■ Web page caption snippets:
▽
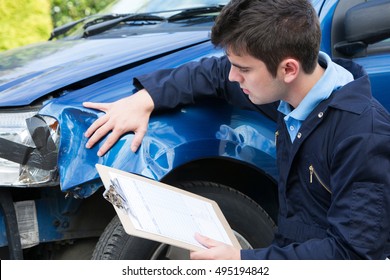 Auto Workshop Mechanic Inspecting Damage To Car And Filling In Repair Estimate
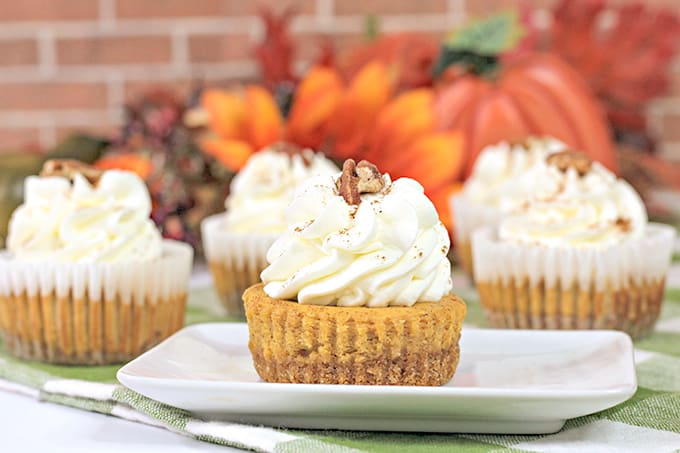 horizontal photo of the cheesecakes on a green checkered fabric with brick behind the cheesecakes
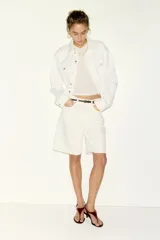 Bermudas de cinco bolsillos en denim de algodón rígido, corte de talle alto con cierre de cremallera y botón, en color blanco.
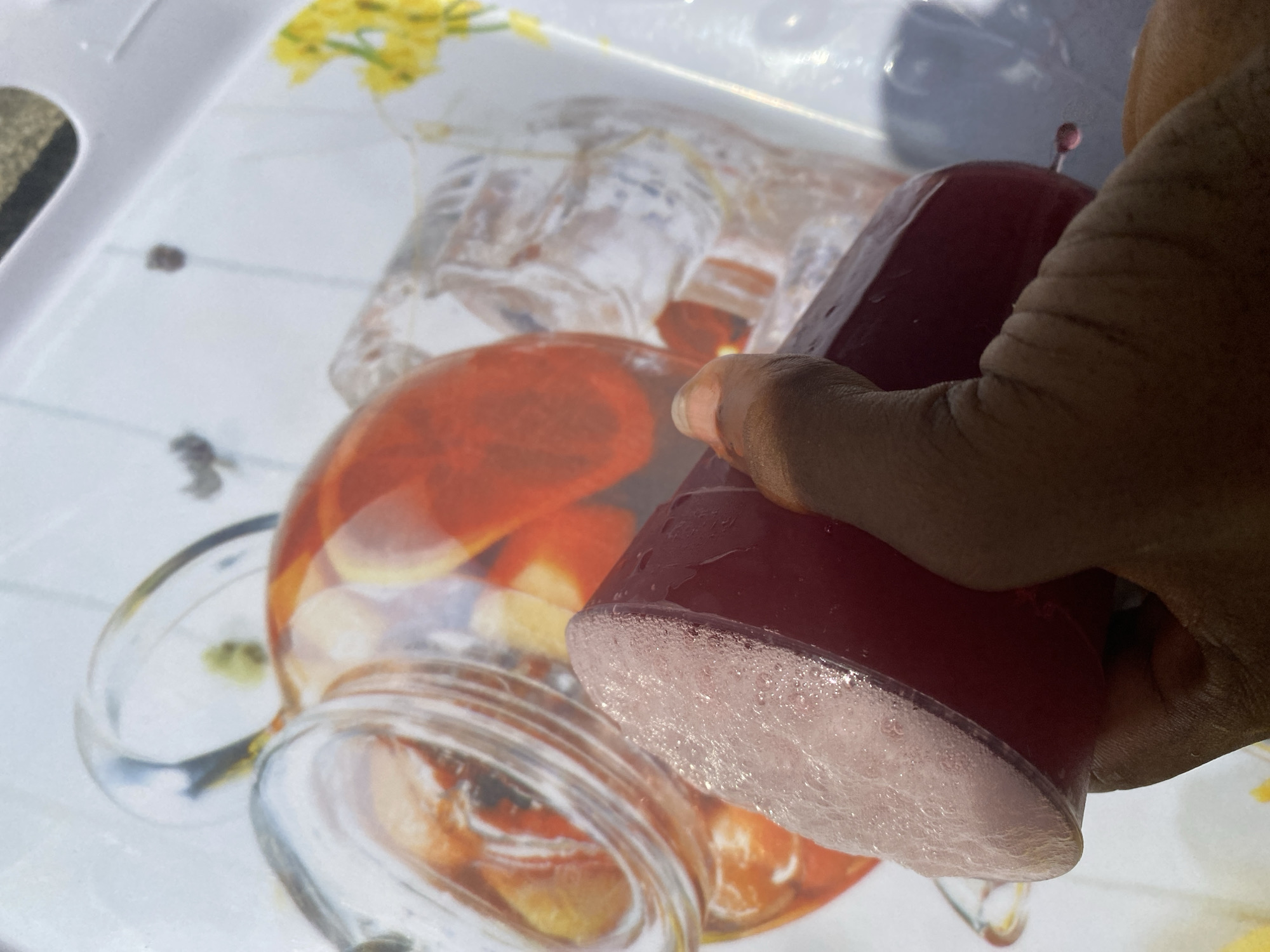 A dark-skinned hand holds a red, cylindrical candle with a light pink, textured bottom. The candle is positioned over a tray with a printed design featuring images of beverages in glass containers. The tray is white with a grid pattern. The environment appears to be outdoors, with bright light and shadows present. The specific location in the city of Iranla, Nigeria, cannot be determined from this image.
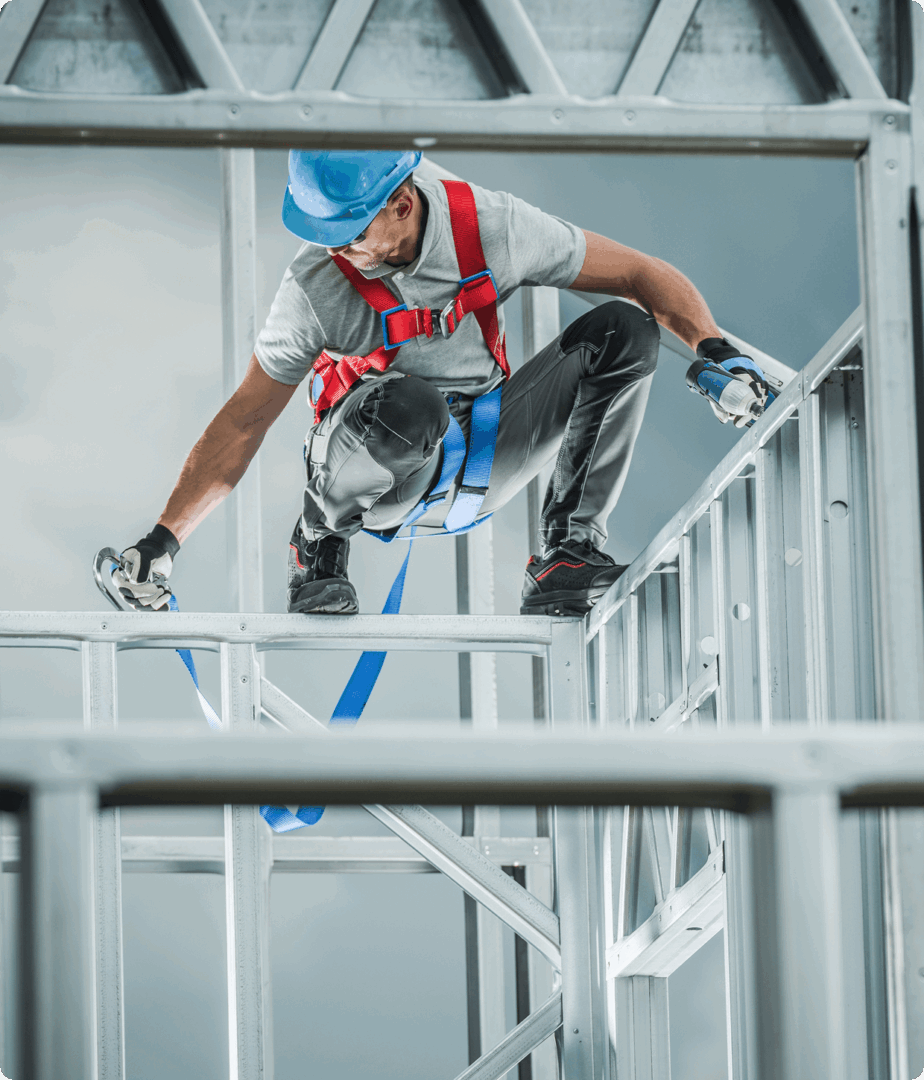Construction worker assembling metal framework structure.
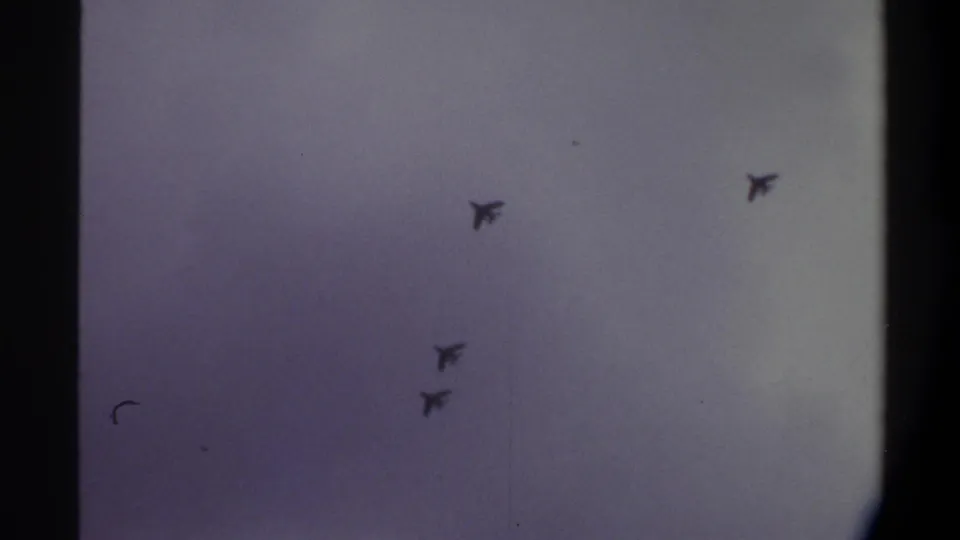 Four swept-wing jet silhouettes crossing an overcast sky on aged 8mm film, Gainesville, Florida, 1974.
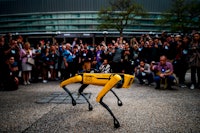 People take pictures and videos of Boston Dynamics Robot Dog named "Spot" during a presentation on t...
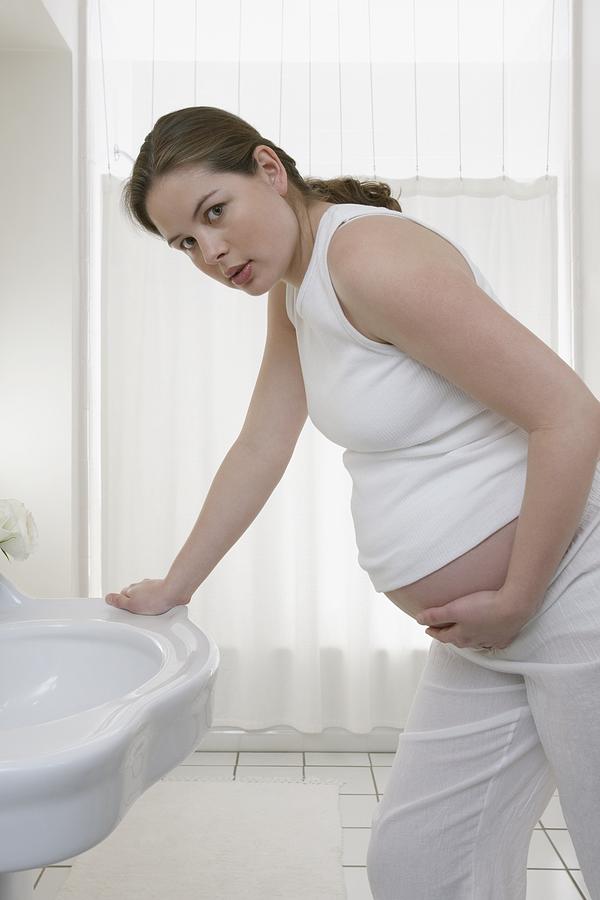 Worried pregnant woman Photograph by Image Source
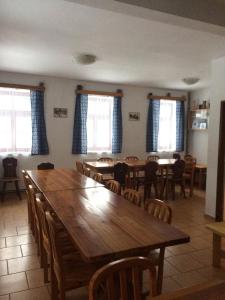 uma sala de jantar com uma grande mesa de madeira e cadeiras em Chata Čert em Josefuv Dul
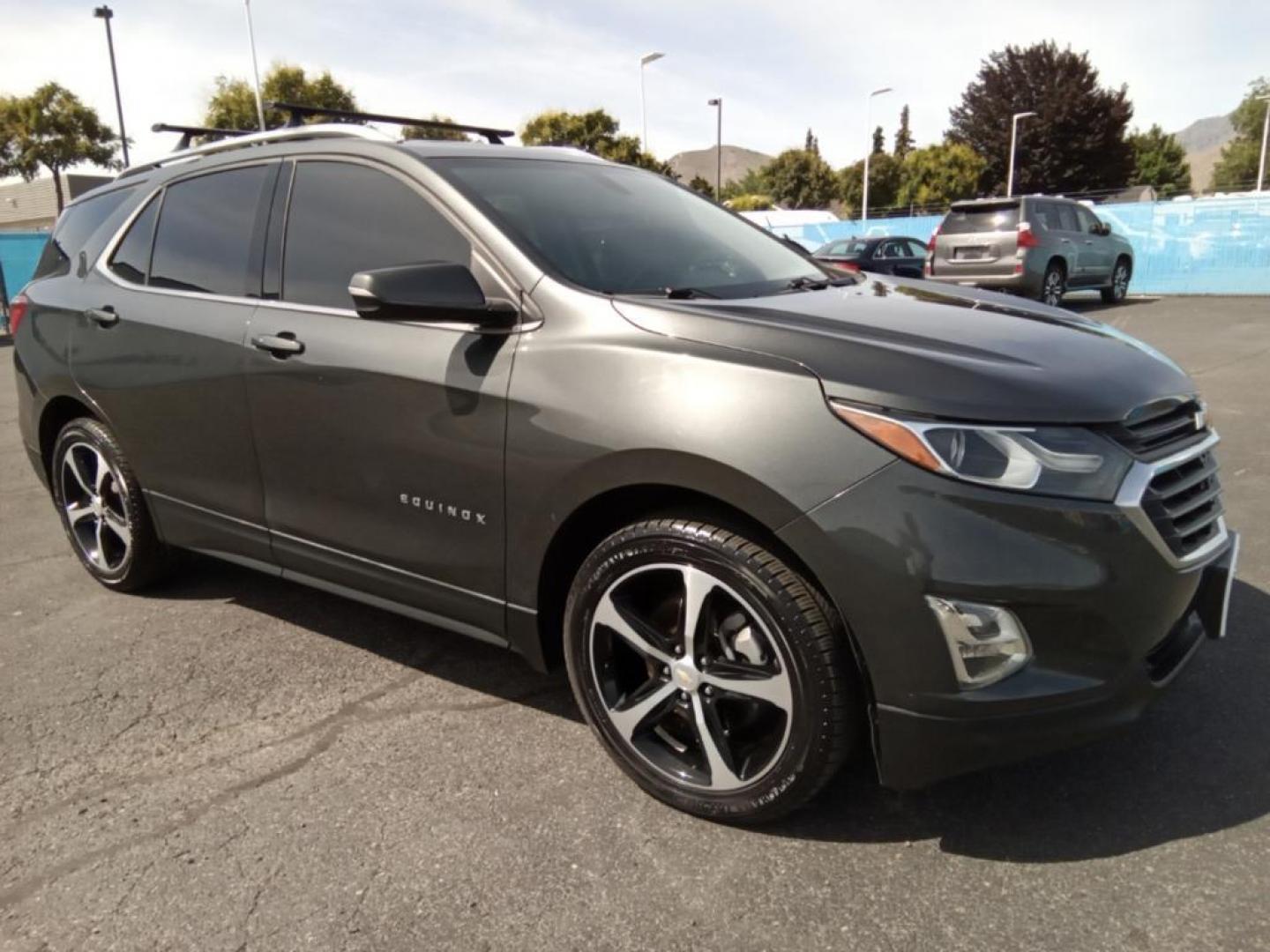 2019 Nightfall Gray Metallic /Jet Black Chevrolet Equinox LT 2.0 AWD (2GNAXVEX4K6) with an 2.0L L4 DOHC 16V engine, 9A transmission, located at 6064 Gull Rd, Kalamazoo, MI, 49048, (269) 222-0088, 42.328388, -85.512924 - <b>Equipment</b><br>This vehicle is a certified CARFAX 1-owner. The installed navigation system will keep you on the right path. The vehicle offers Apple CarPlay for seamless connectivity. This model comes equipped with Android Auto for seamless smartphone integration on the road. This vehicle keeps - Photo#4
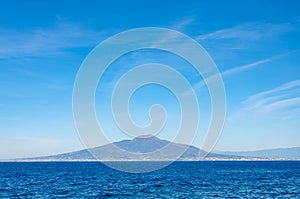 Mount Vesuvius on bluesky and Tyrrhenian Sea background. View from Sorrento on Amalfitan coast.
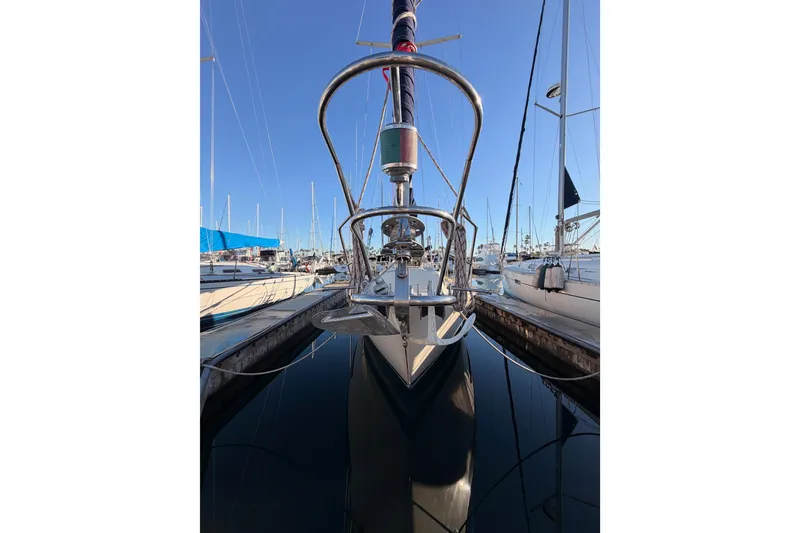 Slide: The Image of Sailboat docked in marina, Pacific Seacraft 34, 1995 model, clear blue sky. - 7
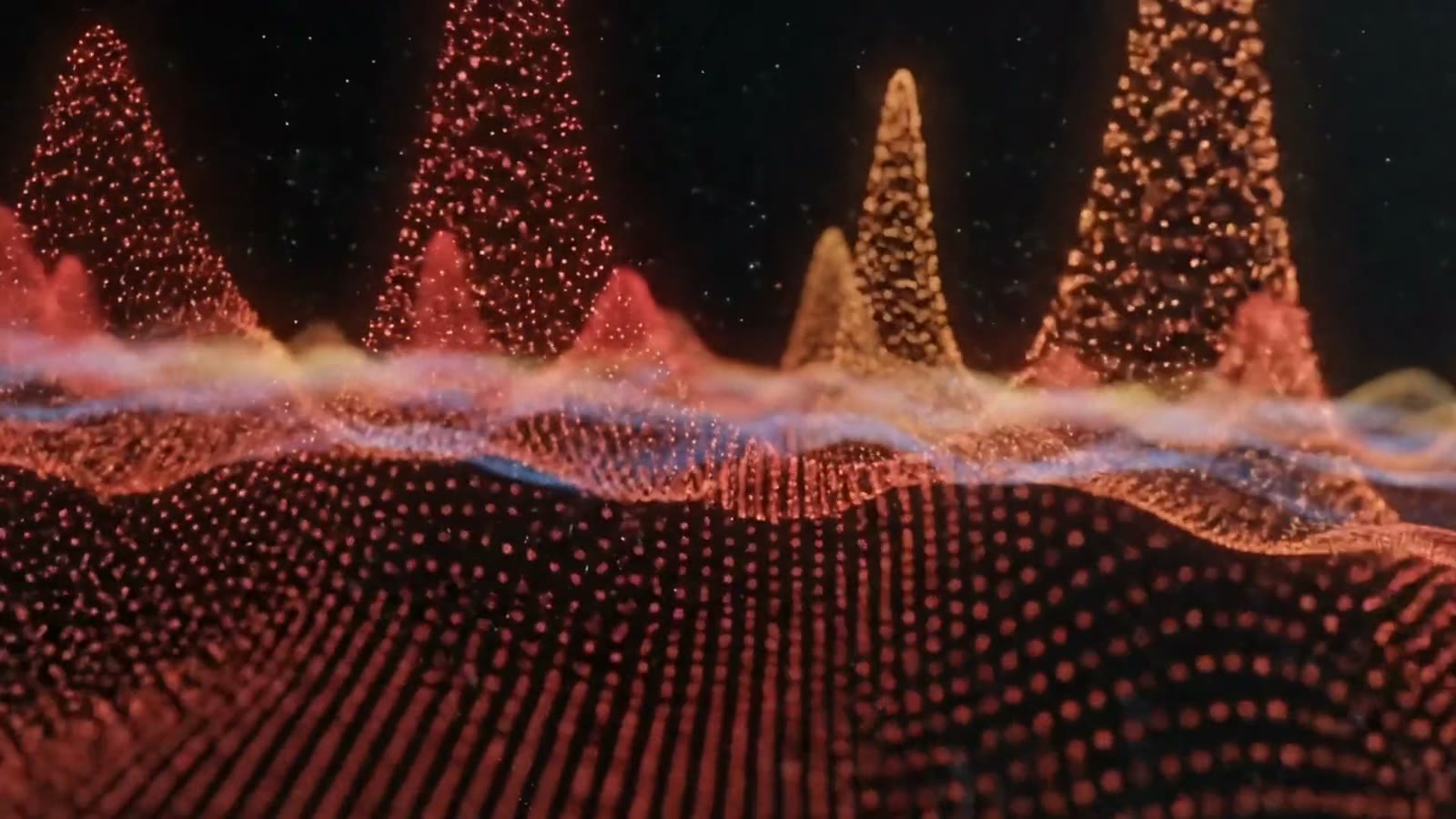 Peaks of red and gold particles rise over a dark plain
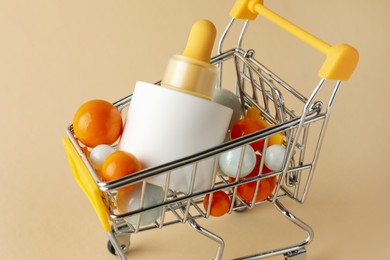 Photo of Bottle of skin care product and colorful balls in small shopping cart on beige background, closeup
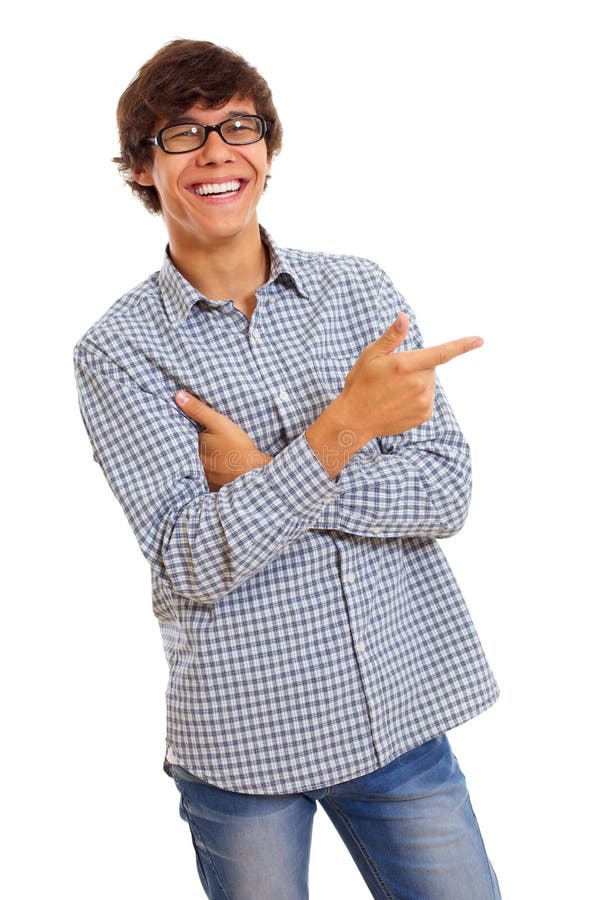 Smiling young man with glasses wearing blue jeans and checkered shirt shows forefinger on something. Isolated on white background, mask included. Smiling young man with glasses wearing blue jeans and checkered shirt shows forefinger on something. Isolated on white background, mask included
△
■ Problem to solve: What is needed is an exact copy of every entry, minus the images.

■ Answer to the exercise:
 Auto Workshop Mechanic Inspecting Damage To Car And Filling In Repair Estimate
 horizontal photo of the cheesecakes on a green checkered fabric with brick behind the cheesecakes
 Bermudas de cinco bolsillos en denim de algodón rígido, corte de talle alto con cierre de cremallera y botón, en color blanco.
 A dark-skinned hand holds a red, cylindrical candle with a light pink, textured bottom. The candle is positioned over a tray with a printed design featuring images of beverages in glass containers. The tray is white with a grid pattern. The environment appears to be outdoors, with bright light and shadows present. The specific location in the city of Iranla, Nigeria, cannot be determined from this image.
Construction worker assembling metal framework structure.
 Four swept-wing jet silhouettes crossing an overcast sky on aged 8mm film, Gainesville, Florida, 1974.
 People take pictures and videos of Boston Dynamics Robot Dog named "Spot" during a presentation on t...
 Worried pregnant woman Photograph by Image Source
 uma sala de jantar com uma grande mesa de madeira e cadeiras em Chata Čert em Josefuv Dul
 2019 Nightfall Gray Metallic /Jet Black Chevrolet Equinox LT 2.0 AWD (2GNAXVEX4K6) with an 2.0L L4 DOHC 16V engine, 9A transmission, located at 6064 Gull Rd, Kalamazoo, MI, 49048, (269) 222-0088, 42.328388, -85.512924 - <b>Equipment</b><br>This vehicle is a certified CARFAX 1-owner. The installed navigation system will keep you on the right path. The vehicle offers Apple CarPlay for seamless connectivity. This model comes equipped with Android Auto for seamless smartphone integration on the road. This vehicle keeps - Photo#4
 Mount Vesuvius on bluesky and Tyrrhenian Sea background. View from Sorrento on Amalfitan coast.
 Slide: The Image of Sailboat docked in marina, Pacific Seacraft 34, 1995 model, clear blue sky. - 7
 Peaks of red and gold particles rise over a dark plain
 Photo of Bottle of skin care product and colorful balls in small shopping cart on beige background, closeup
 Smiling young man with glasses wearing blue jeans and checkered shirt shows forefinger on something. Isolated on white background, mask included. Smiling young man with glasses wearing blue jeans and checkered shirt shows forefinger on something. Isolated on white background, mask included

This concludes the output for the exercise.